■ **WHAT YOU WILL DO**:
All of the records below should be retyped exactly, with no pictures included.

(Crawled caption data)
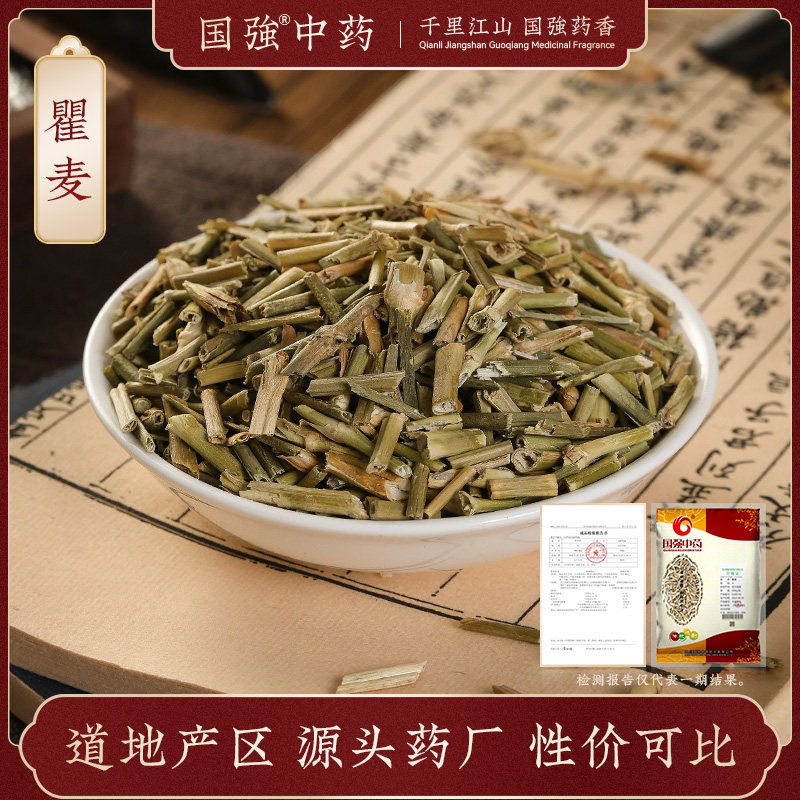 国强 瞿麦500g 中草药中药饮片中药材抓配中药材药厂直销
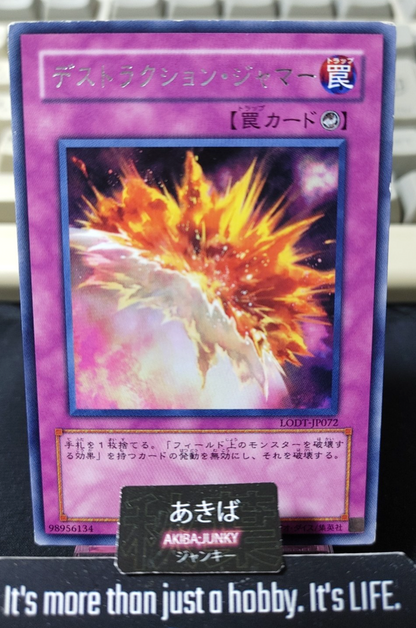 Destruction Jammer Yugioh LODT-JP072 Rare Konami OCG JAPAN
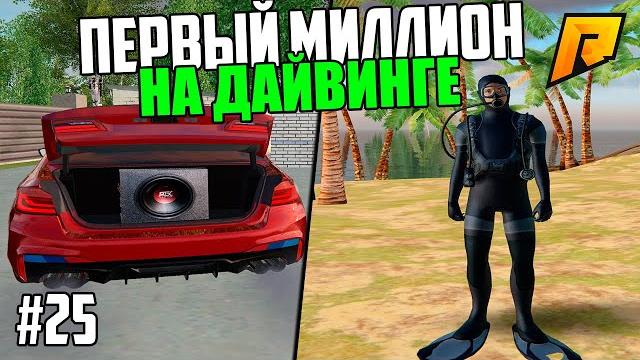 Нашёл кейс, заработал первый миллион на дайвинге! путь бомжа в крмп радмир #25 - 1 сезон Нашёл кейс, заработал первый миллион на дайвинге! путь бомжа в крмп радмир #25 - 1 сезон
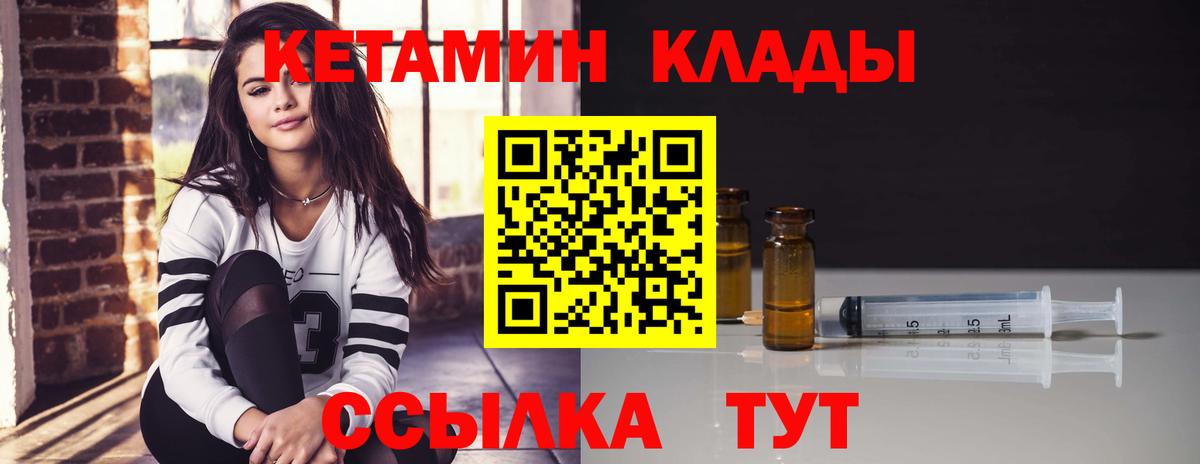 Нарьян-Мар  КЕТАМИН VHQ  Кетамин ketamine  Вход с VPN 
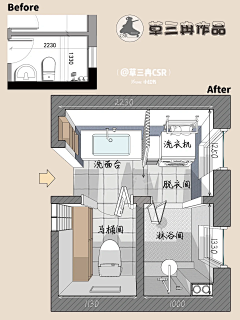 pinko4采集到家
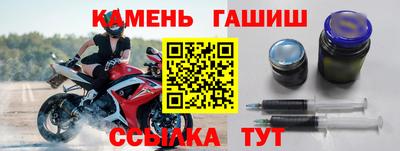 метадон Старая Купавна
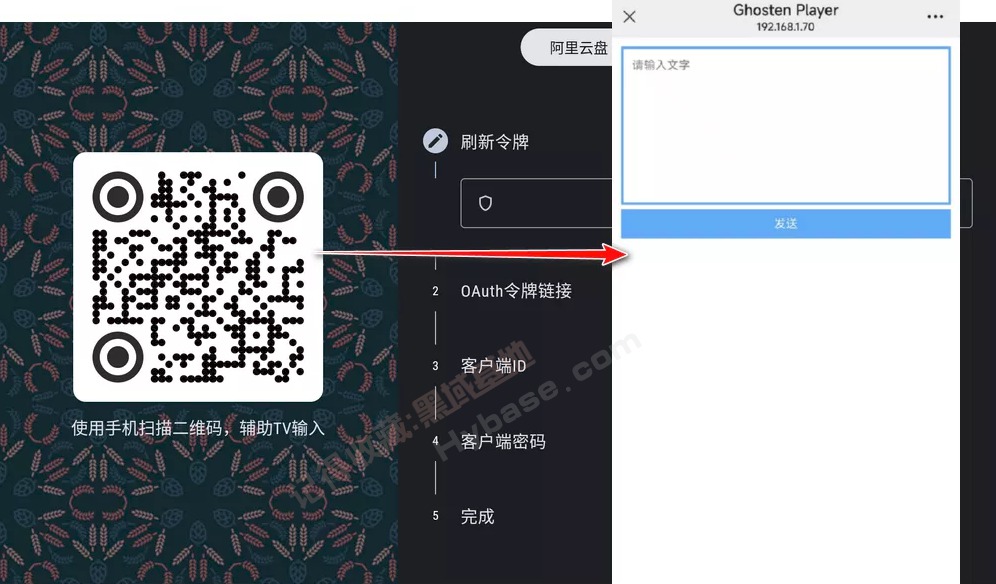 [TV] //IPTVһվʽ Ghosten Player v1.8.1 Ѱ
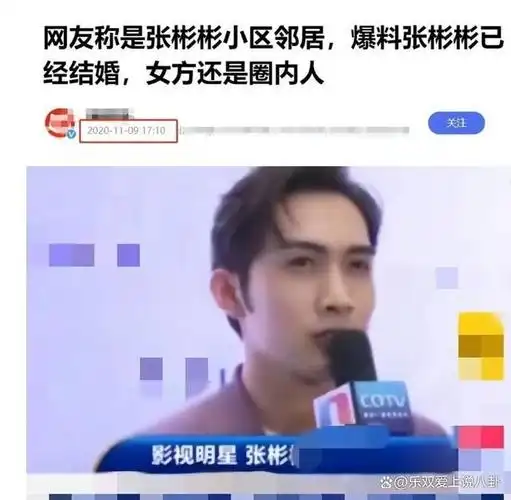 网曝张彬彬隐婚生子,父母抱孙子乱逛,妻子疑是圈内人 (30)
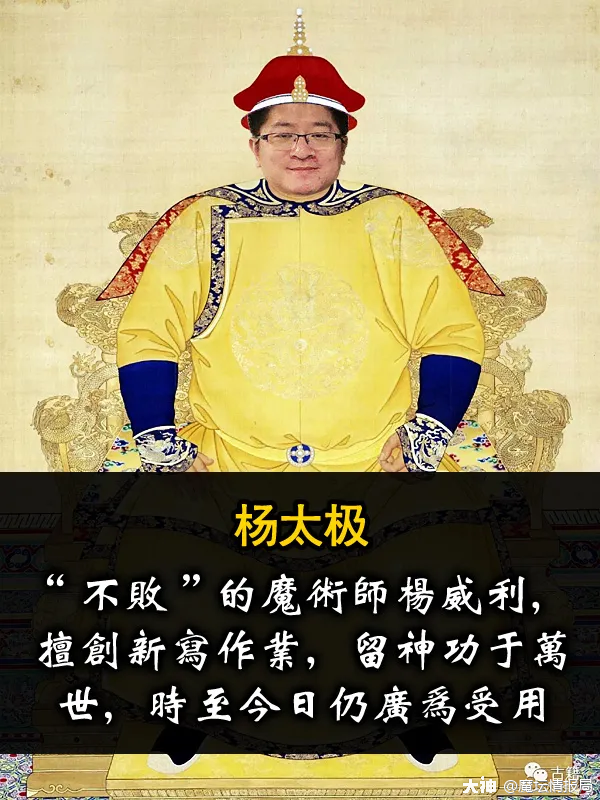 魔兽争霸3日梗大精王朝十二帝末代皇帝赖泳云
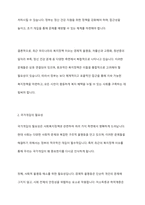 최근 1년 내에 우리나라 복지정책의 이슈를 분석한 후 사회복지정책에 대한 국가개입의 필요성을 설명하고 이에 관련된 자신의 생각을 기술하시오-4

■ **YOUR SOLUTION**:
 国强 瞿麦500g 中草药中药饮片中药材抓配中药材药厂直销
 Destruction Jammer Yugioh LODT-JP072 Rare Konami OCG JAPAN
 Нашёл кейс, заработал первый миллион на дайвинге! путь бомжа в крмп радмир #25 - 1 сезон Нашёл кейс, заработал первый миллион на дайвинге! путь бомжа в крмп радмир #25 - 1 сезон
 Нарьян-Мар  КЕТАМИН VHQ  Кетамин ketamine  Вход с VPN 
 pinko4采集到家
 метадон Старая Купавна
 [TV] //IPTVһվʽ Ghosten Player v1.8.1 Ѱ
 网曝张彬彬隐婚生子,父母抱孙子乱逛,妻子疑是圈内人 (30)
 魔兽争霸3日梗大精王朝十二帝末代皇帝赖泳云
 최근 1년 내에 우리나라 복지정책의 이슈를 분석한 후 사회복지정책에 대한 국가개입의 필요성을 설명하고 이에 관련된 자신의 생각을 기술하시오-4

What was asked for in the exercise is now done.